» **Exercise instructions**:
For this exercise, output the entries below exactly from the line that holds "Chevy Monte Carlo" to the line that holds "Afbeelding 10/59 van Chevrolet SSR (2005)", both ends included. No pictures belong in the copy.

» **Data supplied**:
=== Section Start ===

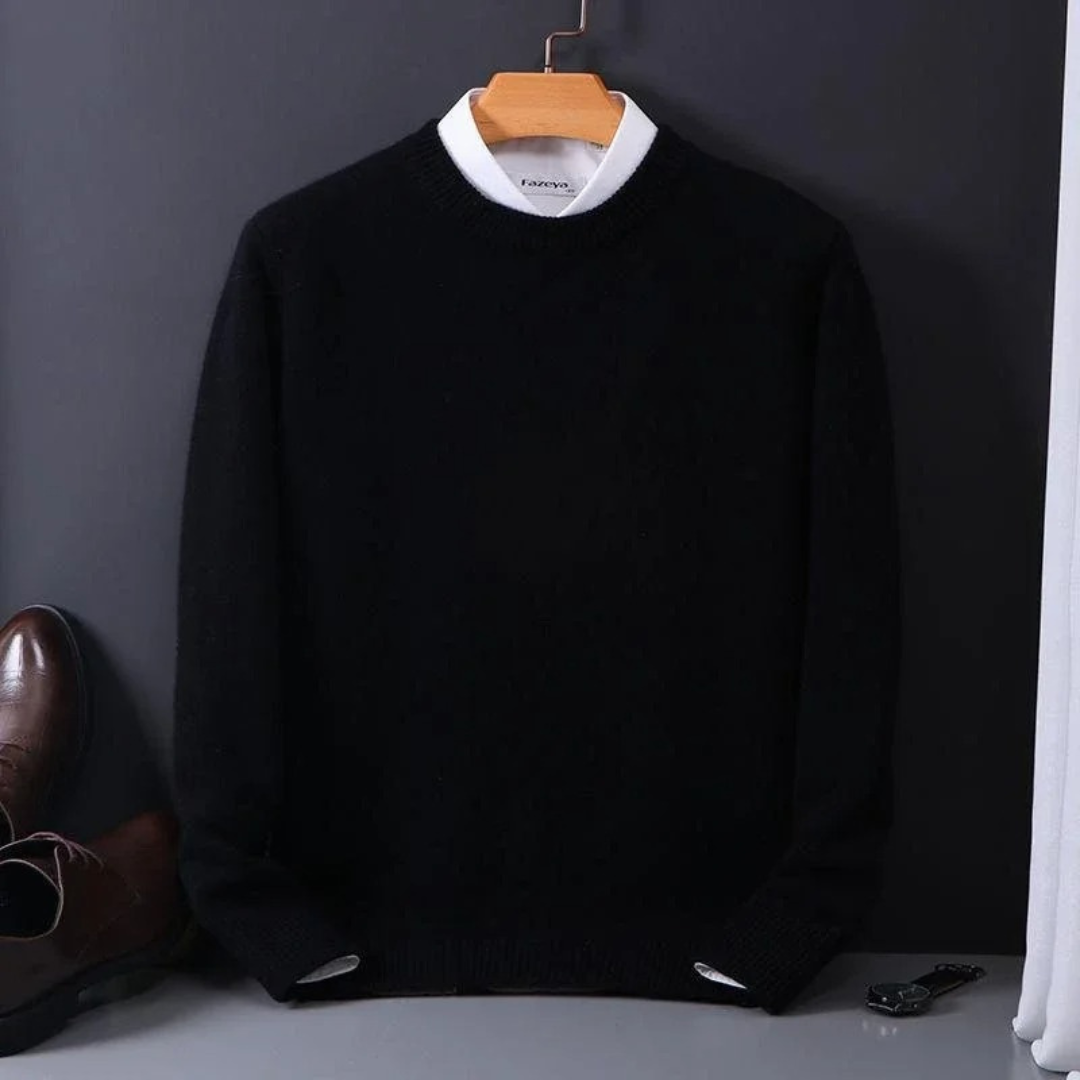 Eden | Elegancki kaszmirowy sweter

=== Section End ===
=== Section Start ===

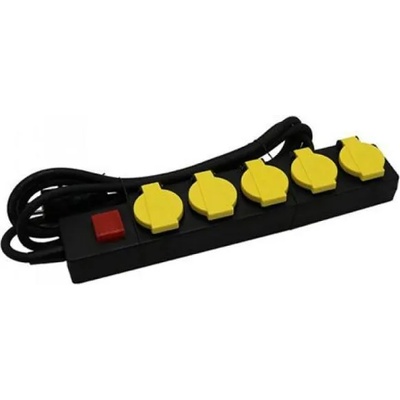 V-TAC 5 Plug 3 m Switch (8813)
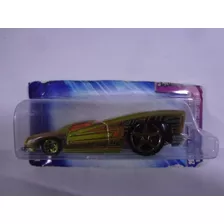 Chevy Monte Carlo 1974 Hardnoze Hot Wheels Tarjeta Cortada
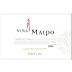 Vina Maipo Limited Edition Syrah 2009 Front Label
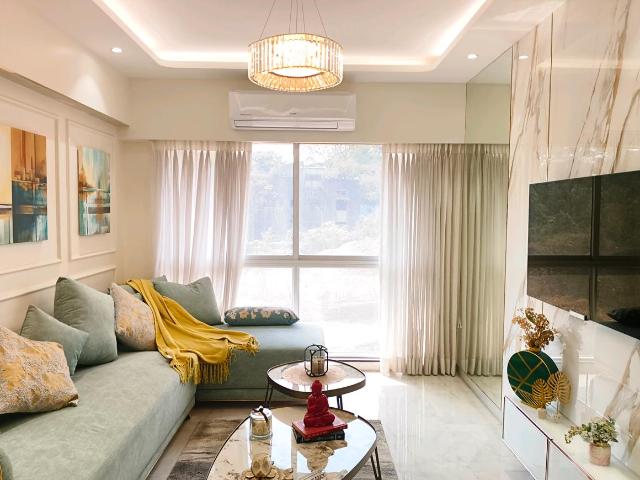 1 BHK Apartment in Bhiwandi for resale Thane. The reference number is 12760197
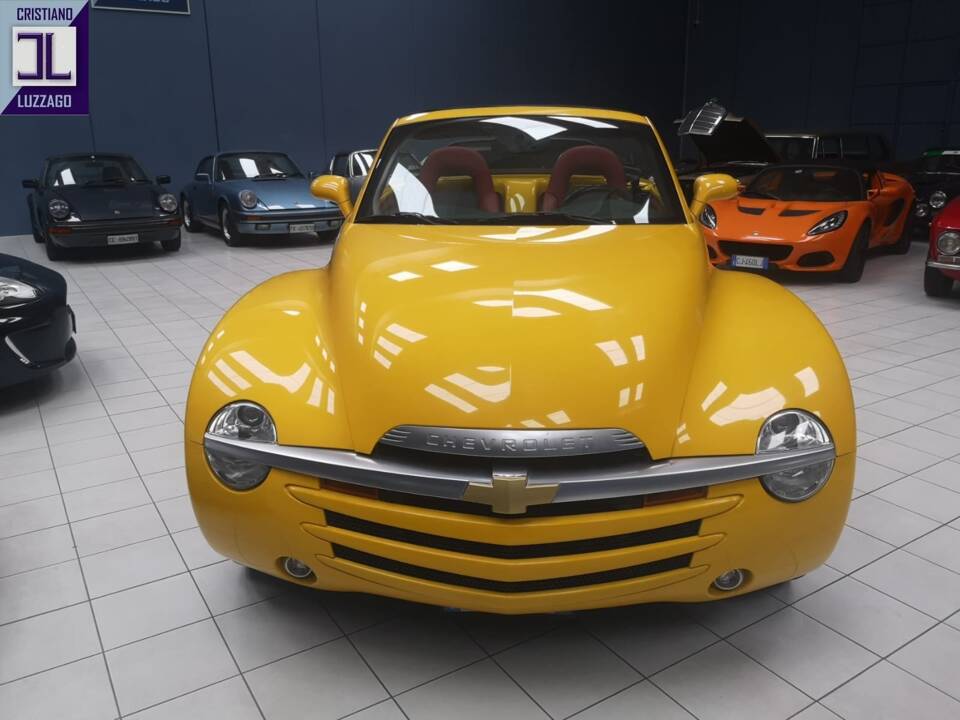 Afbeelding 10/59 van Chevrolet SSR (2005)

=== Section End ===

» **Exercise response**:
 Chevy Monte Carlo 1974 Hardnoze Hot Wheels Tarjeta Cortada
 Vina Maipo Limited Edition Syrah 2009 Front Label
 1 BHK Apartment in Bhiwandi for resale Thane. The reference number is 12760197
 Afbeelding 10/59 van Chevrolet SSR (2005)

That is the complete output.